Мы пересекли Малый и шли по Шестнадцатой по направлению к мосту на остров Декабристов.
— Вот здесь я преподавал физкультуру, — показал я Тольке на площадку за изгородью. — Меня уволили с работы — ну что ж, пусть поищут другого такого!
Дети понуро сидели на скамейках и слушали воспитательницу, которая им что-то читала. Но не все. Некоторые, наиболее инициативные, не гасили в себе детской радости и играли в пятнашки в другом конце площадки. Это были настоящие пятнашки — от слова «пятнать». Там стояла бочка с остатками зеленой краски, дети окунали руку в эту краску и пятнали друг Друга.
— Зе чилдрен шпилен ин ди пятнашки, — вдумчиво сказал Толька на трех языках сразу, и вдруг к нам подскочили несколько ребят нашего возраста и загородили дорогу.
— Четные или Нечетные? — спросил один из них.
— Мы нездешние, — дипломатично ответил я. — Мы не Четные и мы не Нечетные.
— Ви хэв но намберс, — сказал Толька. — Мы без номеров. А вы, скобарье, убирайтесь к черту!
— Еще ругаются! — загалдели ребята. — Они, верно, Нечетные, они, верно, с Семнадцатой!
— Ю из зе грет ослы и уши холодные! — строго сказал Толька, и с этого началась драка.
Толька отбивался старательно, я тоже дрался по мере сил — я был неуклюж, но не слаб. Однако под давлением превосходящих сил Четных нам пришлось отступить. Мы побежали за проходящим в это время трамваем, и Толька успел вскочить на заднюю площадку — и сразу как в воду канул. Я же вскочить на площадку не успел. Трамвай увез Тольку; впоследствии выяснилось, что он попал прямо в объятия кондуктора, а денег у него не было, и его довезли до кольца и сдали в пикет.
Я побежал к Смоленке и повернул направо. Здесь Четные прижали меня к воде, и я отбивался на краю берега. Вдруг я поскользнулся на свае и упал в речку. Враги мои сразу же убежали, а я остался барахтаться в воде. Но плавать я умел, так что ничего опасного в этом не было. Берег у Смоленки низкий — ведь при наводнениях эта речка первая в Ленинграде выходит из берегов, — и я ухватился за сваи и быстро вылез на сушу.

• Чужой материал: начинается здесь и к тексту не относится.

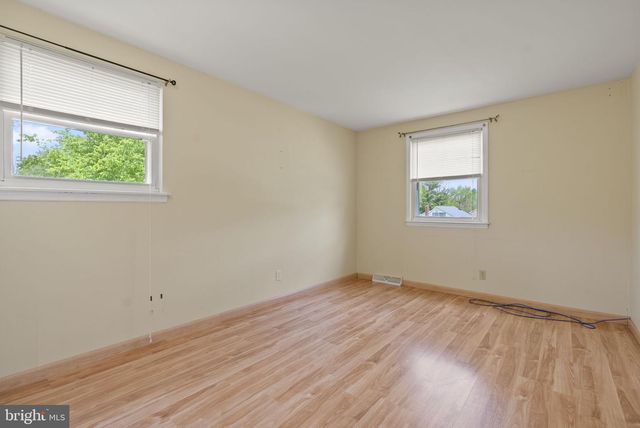 13 VILLAGE AVE, Marlton, NJ 08053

Народу, к счастью, на набережной не было, так что никто — как мне казалось — не видел моего позора. Возле берега, чуть подальше от того места, где я выкупался, стояло на цепях несколько частных шлюпок, и я решил забраться в одну из них и там выжать одежду. И вдруг со дна первой же шлюпки, к которой я подошел, поднялась какая-то не то девчонка, не то девушка в синем платье и захохотала. В руках у нее был черпак, она, видно, только что вычерпывала им воду из этой шлюпки. А теперь она сидела на кормовой банке, размахивала черпаком и смеялась.
— Глупый смех, — сказал я. — Ничего тут нет смешного. Это со всяким человеком может случиться.

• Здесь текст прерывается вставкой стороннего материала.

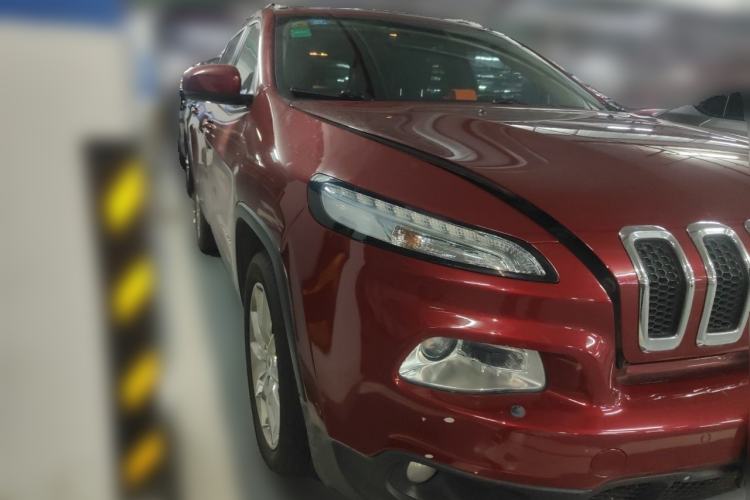 Used Jeep Cherokee 2014 2.4L Luxury Edition Front Right 45 Deg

— Я все видела, — сказала не то девчонка, не то девушка. — Ты плюхнулся в воду, как старая жаба. Я даже хотела спасать тебя.

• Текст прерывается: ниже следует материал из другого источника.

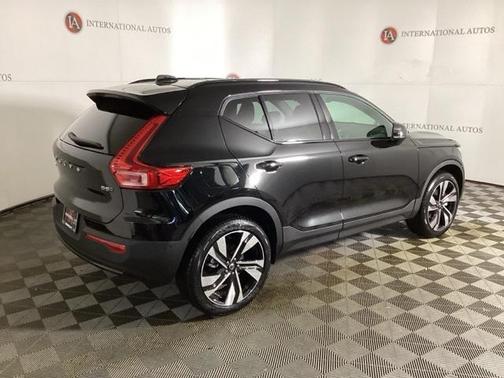 2025 Volvo XC40 B5 Ultra Dark Theme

— Меня не надо спасать, я сам кого угодно спасу, — ответил я. — А что это за дурацкая шлюпка у тебя? В первый раз такую вижу!
Действительно, шлюпка была странная. Один борт у нее был выкрашен белой краской, и на носу было написано «Магнолия».
Другой борт был черного цвета, и на нем красовалось название «Морж».
— Эта шлюпка не дурацкая, — обиженно сказала не то девчонка, не то девушка. — Это шлюпка моего брата Кольки и одного его товарища.
И пояснила, что Колька и его товарищ оба копили деньги на шлюпки, каждый на свою. Но настало лето, а денег было мало. Тогда они объединились и купили одну. Но так как у них разные вкусы, то они никак не могли прийти к соглашению о цвете и названии. Поэтому они разделили ее на две части. Они считают, что у них разные шлюпки — у каждого своя.
— Ну, я пойду, — сказал я. — С меня довольно этих мучений. Тут у вас то в воду падаешь, то какие-то шлюпки двойные. Пока.
— Глупый, куда ж ты пойдешь, ты мокрый весь, — с неожиданной теплотой в голосе сказала не то девчонка, не то девушка. — Идем к нам, тебе надо высохнуть. И возьми весла. Ты их понесешь, и тебе не так стыдно будет идти. Все будут думать, что ты спортсмен. Это даже красиво.
— Красивого тут очень немного, — ответил я, беря весла.
Мы зашагали по набережной в сторону Пятнадцатой линии и вскоре через низкую подворотню вошли во двор, а потом — на черную лестницу, на второй этаж. Здесь на лестничном подоконнике сидел большущий рыжий кот с очень хитрой мордой. При виде нас он мяукнул и подошел к двери.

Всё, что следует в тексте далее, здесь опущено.